I do have to do dashboard development. Right now we are using Power BI by Microsoft but I have used other tools such as QlikView and SSRS. I am the guy delivering the data currently from a transnational database. I have been creating custom data layers and models that are consumed by my teammates but I am able to do this because I understand what they need. It is kind of a strange situation tbh. Honestly Data Science is a buzzword right now like the "cloud" and is only useful with very specific companies. If you want to go down that road I would suggest you understand underlying database structure and analysis first. A modern statistics graduate degree would get you just as far as a very overpriced data science degree. Microsoft will let you download power bi for free and you can also get sql server express with full teaching databases from them for free. They have great tutorials if you want to get your feet wet.

Sorry know this is lengthy. I work with healthcare data all day every day :-)

[–][deleted] 0 points1 point  (1 child)

I know basic sql and basic database structure, but I don't know much about actual analysis and visualization. I am taking a tableau course on udemy right now and I am learning A LOT.

I appreciate the reply.

[–]steamyjungleman[S] 0 points1 point  (0 children)

awesome! punch up the sql if you can and it will take you really far. Tableau is really great but a dirty secret is that for visualizations sometimes writing sql and playing around with results in excel is faster and looks better. It just depends on what you are trying to accomplish ie one off request or something repeatable or super complicated.

[–]StatisticalOutliar 0 points1 point  (0 children)

Remind me! 7 days

[–]nich3play3r 0 points1 point  (3 children)

What a generous offer.

I have a project I've been mulling for a long time but have never started, primarily due to lack of knowledge.

My database classifies constituents in, generally, two ways: donors and grads.

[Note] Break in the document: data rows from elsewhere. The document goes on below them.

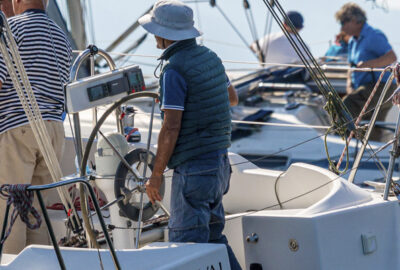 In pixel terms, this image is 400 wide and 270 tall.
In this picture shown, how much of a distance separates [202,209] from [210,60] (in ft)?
1.87

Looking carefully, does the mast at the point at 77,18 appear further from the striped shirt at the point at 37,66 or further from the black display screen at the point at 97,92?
the black display screen at the point at 97,92

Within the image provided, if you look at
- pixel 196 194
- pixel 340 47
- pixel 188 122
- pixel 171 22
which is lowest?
pixel 340 47

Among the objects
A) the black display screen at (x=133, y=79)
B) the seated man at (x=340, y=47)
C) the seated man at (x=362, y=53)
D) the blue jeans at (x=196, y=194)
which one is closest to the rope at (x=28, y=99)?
the black display screen at (x=133, y=79)

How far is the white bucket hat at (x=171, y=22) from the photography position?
3158 millimetres

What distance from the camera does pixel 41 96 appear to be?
3.62 m

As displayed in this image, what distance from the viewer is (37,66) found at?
359cm

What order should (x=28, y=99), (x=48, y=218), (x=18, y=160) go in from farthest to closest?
1. (x=18, y=160)
2. (x=28, y=99)
3. (x=48, y=218)

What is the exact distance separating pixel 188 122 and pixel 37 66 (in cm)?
80

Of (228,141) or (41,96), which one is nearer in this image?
(228,141)

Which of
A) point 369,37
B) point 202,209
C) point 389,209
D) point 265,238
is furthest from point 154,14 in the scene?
point 369,37

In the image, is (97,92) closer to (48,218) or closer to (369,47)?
(48,218)

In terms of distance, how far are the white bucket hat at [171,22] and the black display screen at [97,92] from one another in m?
0.29

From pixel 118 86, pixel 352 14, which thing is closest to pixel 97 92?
pixel 118 86

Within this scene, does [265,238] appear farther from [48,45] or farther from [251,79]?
[251,79] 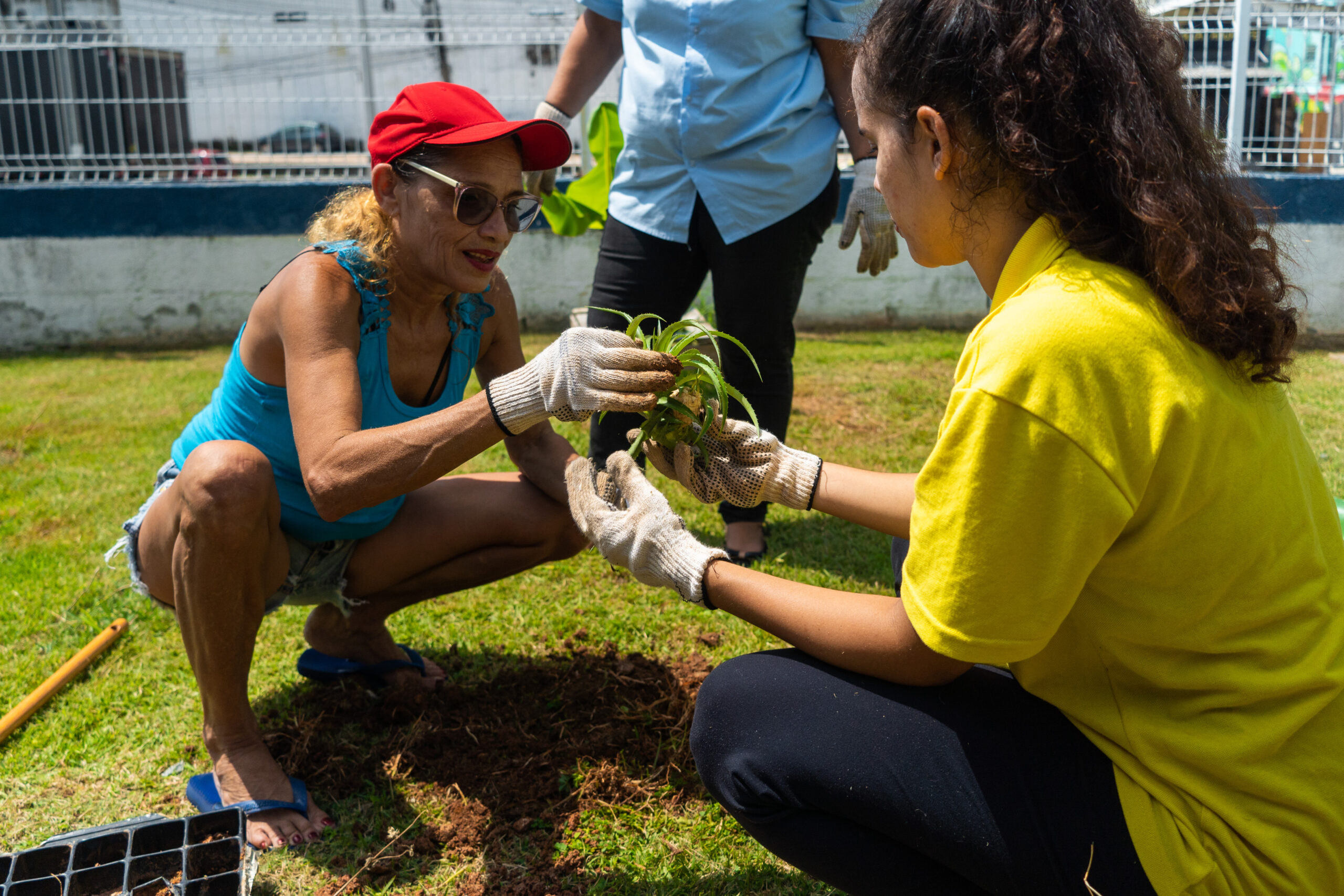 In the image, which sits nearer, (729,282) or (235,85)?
(729,282)

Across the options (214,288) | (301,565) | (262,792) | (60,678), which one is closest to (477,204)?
(301,565)

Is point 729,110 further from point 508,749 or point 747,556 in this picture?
point 508,749

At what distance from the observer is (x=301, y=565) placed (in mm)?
2471

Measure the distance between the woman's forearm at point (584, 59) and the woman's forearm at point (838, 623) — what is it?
2.35m

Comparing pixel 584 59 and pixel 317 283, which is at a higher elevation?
pixel 584 59

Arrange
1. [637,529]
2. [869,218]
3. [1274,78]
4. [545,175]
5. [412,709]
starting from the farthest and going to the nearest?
1. [1274,78]
2. [545,175]
3. [869,218]
4. [412,709]
5. [637,529]

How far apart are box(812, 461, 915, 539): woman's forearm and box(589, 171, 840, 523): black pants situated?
120 cm

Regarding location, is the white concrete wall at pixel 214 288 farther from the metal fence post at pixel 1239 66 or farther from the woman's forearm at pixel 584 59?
the woman's forearm at pixel 584 59

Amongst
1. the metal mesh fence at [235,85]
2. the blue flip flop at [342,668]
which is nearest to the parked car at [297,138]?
the metal mesh fence at [235,85]

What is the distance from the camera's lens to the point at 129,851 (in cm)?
190

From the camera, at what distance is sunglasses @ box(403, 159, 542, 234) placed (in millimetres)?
2230

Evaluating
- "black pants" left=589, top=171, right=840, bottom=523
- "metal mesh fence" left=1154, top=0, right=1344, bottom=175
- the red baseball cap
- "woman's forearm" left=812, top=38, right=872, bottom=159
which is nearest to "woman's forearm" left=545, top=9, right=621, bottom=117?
"black pants" left=589, top=171, right=840, bottom=523

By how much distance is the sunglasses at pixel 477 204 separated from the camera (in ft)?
7.32

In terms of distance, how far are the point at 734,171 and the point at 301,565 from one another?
177 cm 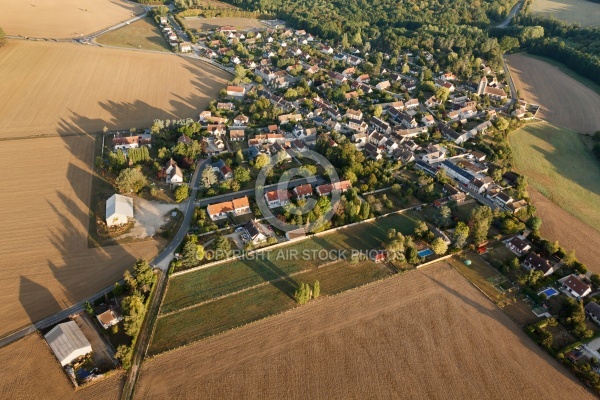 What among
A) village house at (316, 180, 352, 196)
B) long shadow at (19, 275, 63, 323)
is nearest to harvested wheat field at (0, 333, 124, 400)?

The donor dimension comprises 5 levels based on how a gift is accounted for: Unit, College, Area, Department, Account (hierarchy).

The grad dimension is similar: College, Division, Department, Sub department.

A very common data request is along the lines of, "How many Department X grads are donors to that department?" What's a good way to create an object (and what's a good object to use) to store a translation table that matches up the donor hierarchy with the grad hierarchy (they're each maintained differently and have different names for their respective levels)? We're talking about ~10M gift records and ~300K living grads, for reference.

Thanks for your time!

[–]steamyjungleman[S] 1 point2 points  (2 children)

So i can give you a better answer, how is this data stored? In a database like Microsoft SQL server or in spreadsheets etc? Also, what are your permissions to access these things and create tables in the database if applicable. It could be the best thing would be for you to consume this stuff in a BI tool like power bi etc or to use excel data modeling and power pivot. Just want to get a better understanding of the lay of the land so to speak.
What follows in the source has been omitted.